> [Materials provided]:
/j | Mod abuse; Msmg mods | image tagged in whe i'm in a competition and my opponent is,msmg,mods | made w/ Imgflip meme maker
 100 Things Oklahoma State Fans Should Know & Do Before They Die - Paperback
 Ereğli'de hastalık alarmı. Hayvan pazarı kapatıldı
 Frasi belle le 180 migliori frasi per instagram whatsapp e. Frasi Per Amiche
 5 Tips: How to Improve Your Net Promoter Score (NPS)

> [Exercise prompt]:
So that nothing is lost, write out each record exactly as it appears above.

> [Solution for this task]:
/j | Mod abuse; Msmg mods | image tagged in whe i'm in a competition and my opponent is,msmg,mods | made w/ Imgflip meme maker
 100 Things Oklahoma State Fans Should Know & Do Before They Die - Paperback
 Ereğli'de hastalık alarmı. Hayvan pazarı kapatıldı
 Frasi belle le 180 migliori frasi per instagram whatsapp e. Frasi Per Amiche
 5 Tips: How to Improve Your Net Promoter Score (NPS)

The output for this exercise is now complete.